Widespread issues occurred because of (by my reading) 6 different software bugs.  That’s a lot.  This fact can be spun as both a positive and a negative.   Here’s what we would assume are the positives:

  • The bugs can (and will) be fixed.  Once they are, they won’t happen again.
  • By virtue of AWS’s advancing age, they have “shaken out” more bugs than any of their lesser competitors.  Similar bugs surely lie dormant in every other cloud provider’s code as well.  No provider is immune and every single one will experience downtime because of it.  In this regard AWS is ahead of the game.

But this line of thinking fails to address the underlying negatives:

  • Any codebase is always growing & evolving and that means new bugs.  The alarming part is that each outage seems to have some underlying bugs discovered.  The incidence of Amazon letting new bugs through seems to be disconcertingly high.  It does no good to fix the old ones if other areas of the service have secretly added twice as many new bugs.  If things were really being “fixed” we would expect new bugs to show up less often, not more often.  After a certain point, we have to start assuming that the demonstrated error rate will continue.
  • When bugs like this happen, they often can’t be seen coming.  The impact and scope can’t be anticipated, but it is typically very large.

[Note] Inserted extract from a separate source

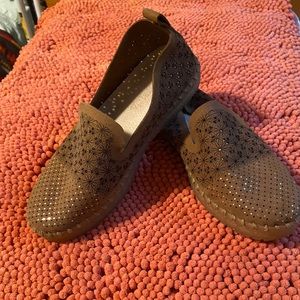 Brown flats with shiny top.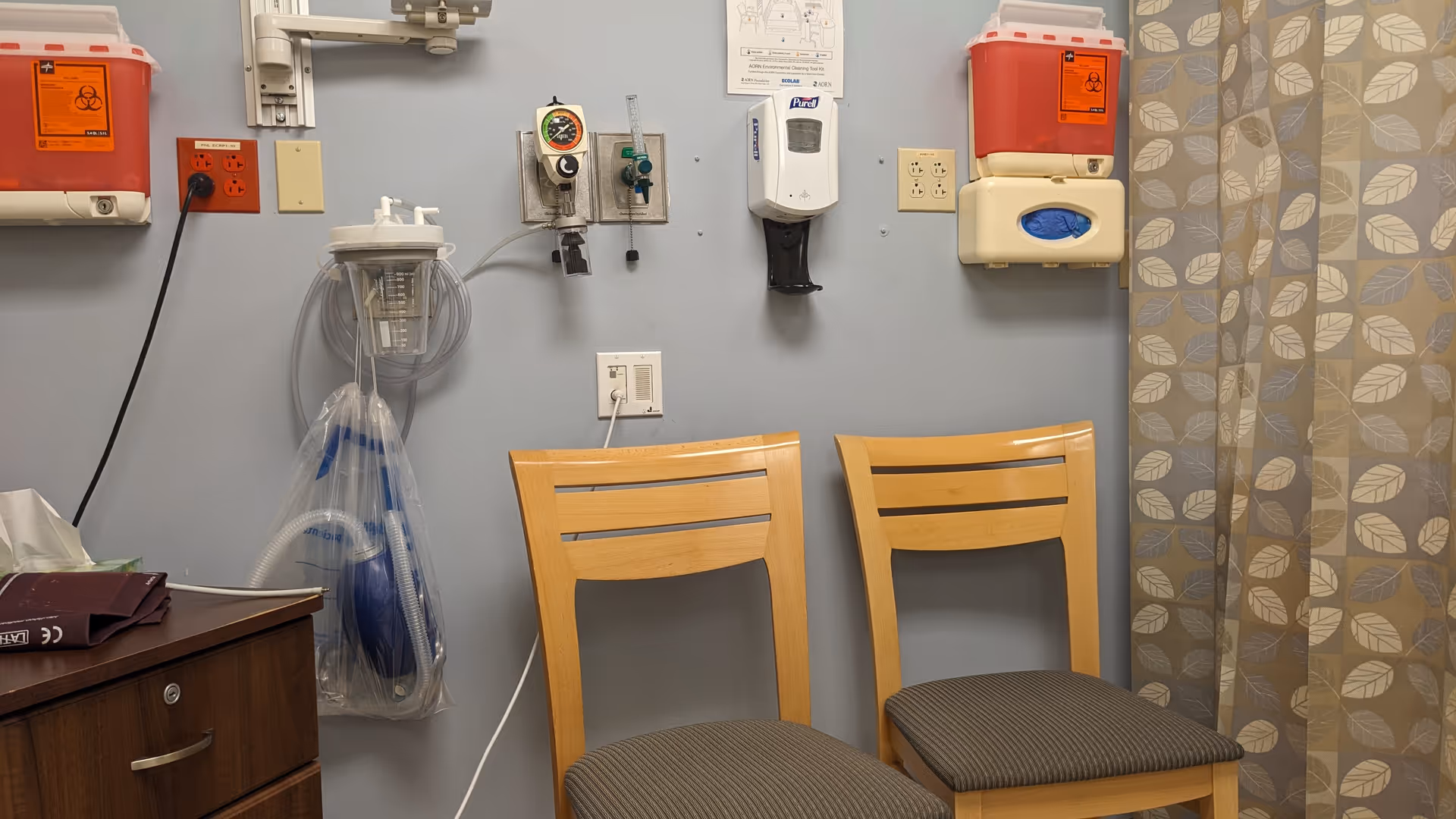 Two wooden chairs sit beside medical equipment mounted on a clinic wall.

So far, we have not yet heard of any sort of comprehensive plan intended to address this issue.  Ironically, AWS is consistently dropping the ball on their ‘root-cause’ analysis but failing the “Five Whys” test.  They’re stopping at about the 2nd or 3rd why without addressing the true root cause.

In the case of AWS, anecdotal evidence suggests they have not yet succeeded in building a development protocol that is accountable to the bugs it produces. They’re letting too many through.  Yes, these bugs are very difficult to detect and test for, but they need to have a higher standard or outages like this will continue to occur.